Dengan kondisi ini bila lewat dalam waktu 5 (lima) tahun tidak ada tindakan apapun dari institusi Direktorat Jenderal Pajak maka pelaporan tadi akan menjadi suatu keputusan hukum yang pasti (inkracht). Namun adakalanya bila rentang waktu sebelum 5 (lima) tahun ditemukan bahwa pelaporan yang disampaikan oleh Wajib Pajak tidak benar maka Wajib Pajak diminta untuk melakukan pembetulan atau dilakukan tindakan pemeriksaan pajak yang berujung pada terbitnya suatu ketetapan pajak bahkan lebih jauh lagi akan dilakukan tindakan penyidikan.

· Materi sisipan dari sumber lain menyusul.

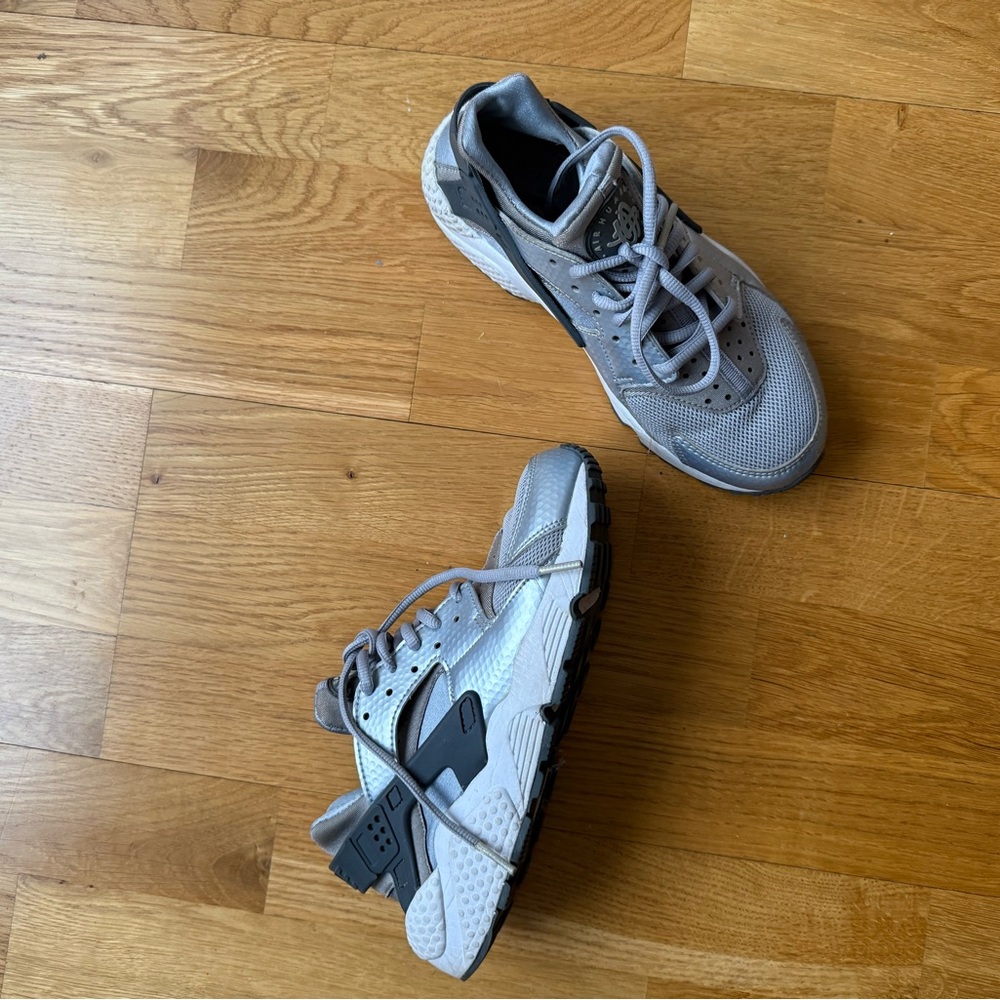 Nike Silver and Gray Huarache Air Sneakers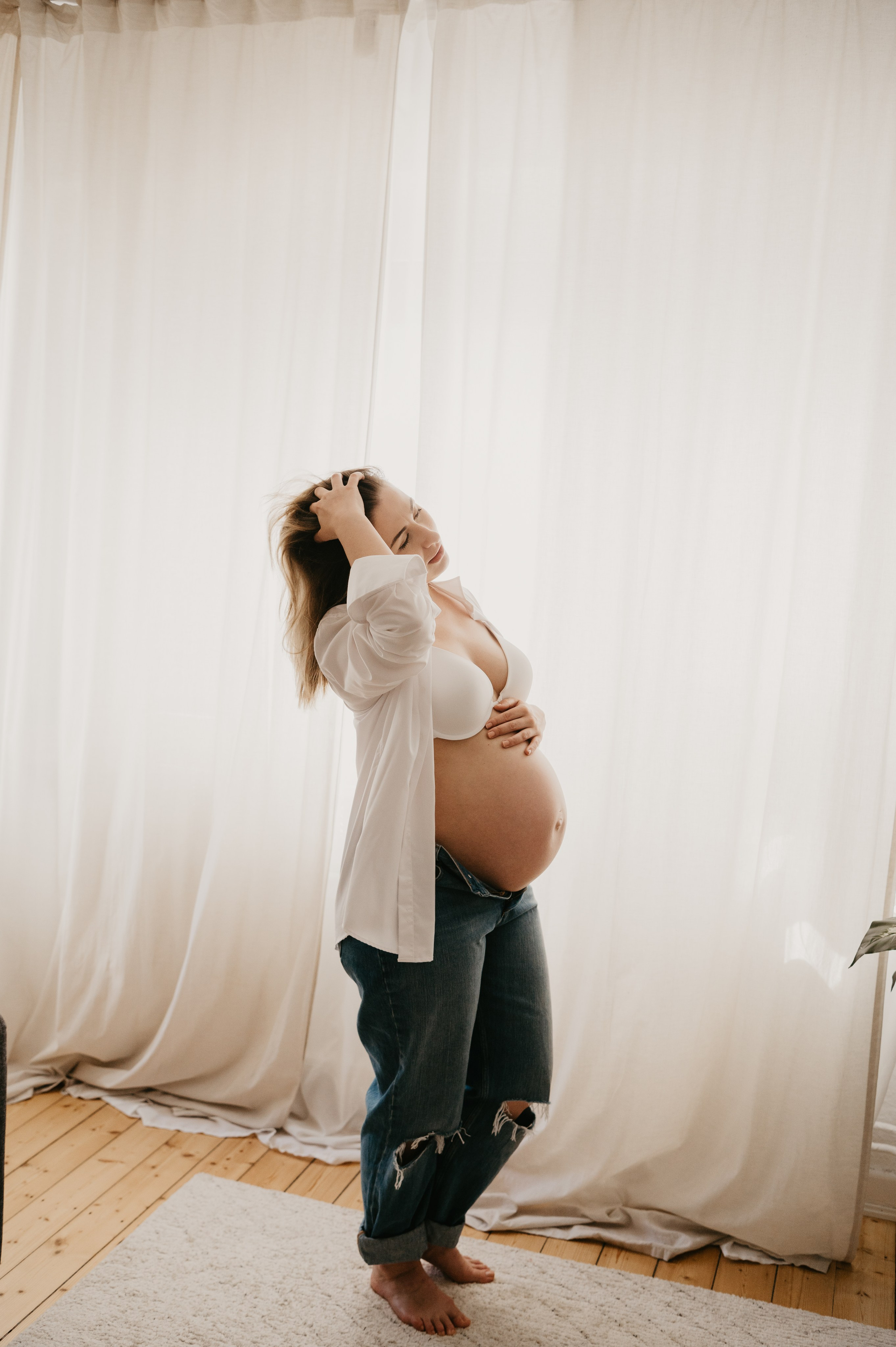 Hayley. Maternity Newborn and Family photographer Hamburg Claire Hambley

Dalam suasana tahun pembinaan Wajib Pajak 2015 ini, penulis mencoba mengangkat topik tentang pembetulan Surat Pemberitahuan (SPT) tahunan dengan judul “Bila Pembetulan SPT Dilakukan?.”  Karena yang umum terjadi dan ketentuan perpajakan mengatur adalah sebagai berikut :

  1. Wajib Pajak dengan kemauan sendiri membetulkan SPT, pembetulan dilakukan sebelum dilakukan pemeriksaan.
  2. Wajib Pajak dengan kesadaran sendiri mengungkapkan ketidakbenaran SPT, hal ini dilakukan oleh Wajib Pajak yang sedang dilakukan pemeriksaan (belum diterbitkan ketetapan).
  3. Wajib Pajak dengan kemauan sendiri mengungkapkan ketidak benaran SPT, hal ini dilakukan oleh Wajib Pajak yang telah dilakukan pemeriksaan namun belum dilakukan tindakan penyidikan.

Semoga tulisan berikut memberi informasi dan pencerahan yang bermanfaat yang didedikasikan bagi pembaca setia nusahati.  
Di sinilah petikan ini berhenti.